* _Task instructions_
Copy, word for word, the lines below from the one containing "Chanel Vintage Black" up to and including the one containing "sunlight, night life", with pictures left out.

* _Supplied material_
== == ==

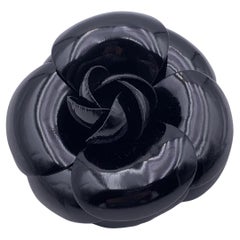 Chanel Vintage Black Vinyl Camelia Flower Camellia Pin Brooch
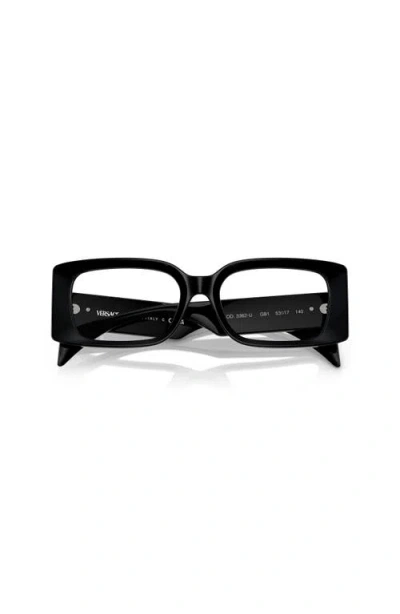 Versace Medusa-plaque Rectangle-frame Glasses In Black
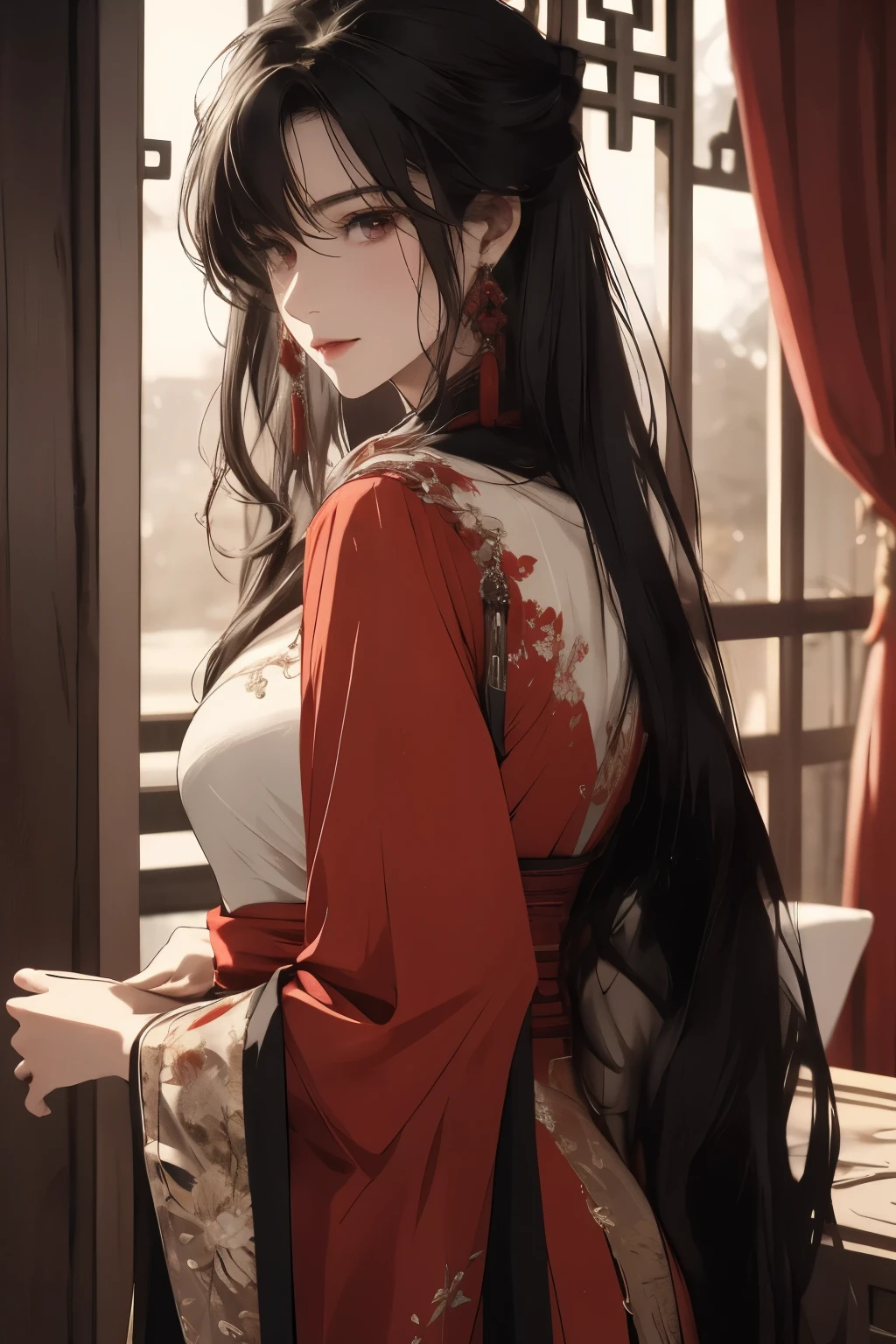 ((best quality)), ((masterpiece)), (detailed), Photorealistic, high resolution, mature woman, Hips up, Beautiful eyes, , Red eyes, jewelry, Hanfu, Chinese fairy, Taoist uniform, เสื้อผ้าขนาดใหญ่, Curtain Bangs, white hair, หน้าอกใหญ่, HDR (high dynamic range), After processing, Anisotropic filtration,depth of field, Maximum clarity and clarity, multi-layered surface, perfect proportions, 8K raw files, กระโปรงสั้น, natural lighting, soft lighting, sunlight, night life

== == ==

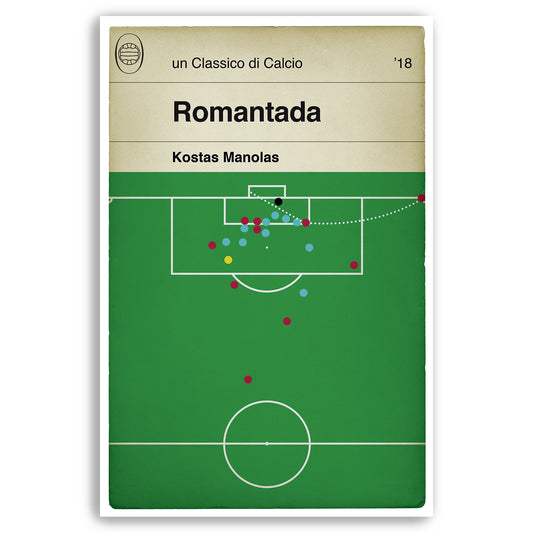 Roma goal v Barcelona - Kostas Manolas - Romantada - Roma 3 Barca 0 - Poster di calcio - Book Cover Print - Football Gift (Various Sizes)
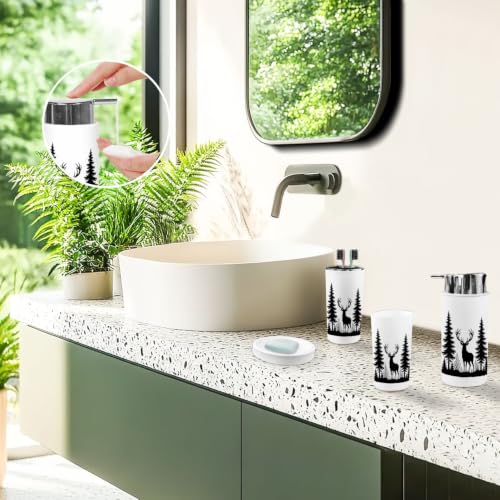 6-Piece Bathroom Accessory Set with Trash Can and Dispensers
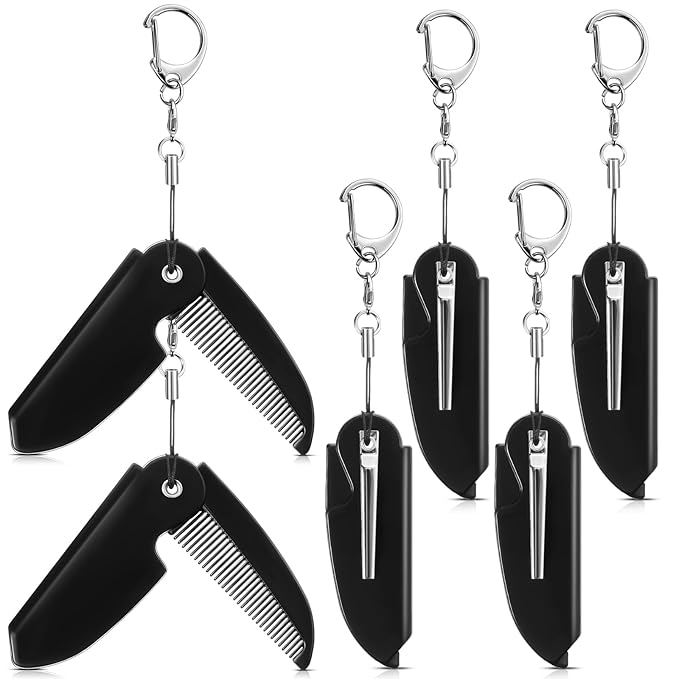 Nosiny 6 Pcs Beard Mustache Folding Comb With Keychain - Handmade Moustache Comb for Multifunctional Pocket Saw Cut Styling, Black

== == ==

* _Output for this exercise_
 Chanel Vintage Black Vinyl Camelia Flower Camellia Pin Brooch
 Versace Medusa-plaque Rectangle-frame Glasses In Black
 ((best quality)), ((masterpiece)), (detailed), Photorealistic, high resolution, mature woman, Hips up, Beautiful eyes, , Red eyes, jewelry, Hanfu, Chinese fairy, Taoist uniform, เสื้อผ้าขนาดใหญ่, Curtain Bangs, white hair, หน้าอกใหญ่, HDR (high dynamic range), After processing, Anisotropic filtration,depth of field, Maximum clarity and clarity, multi-layered surface, perfect proportions, 8K raw files, กระโปรงสั้น, natural lighting, soft lighting, sunlight, night life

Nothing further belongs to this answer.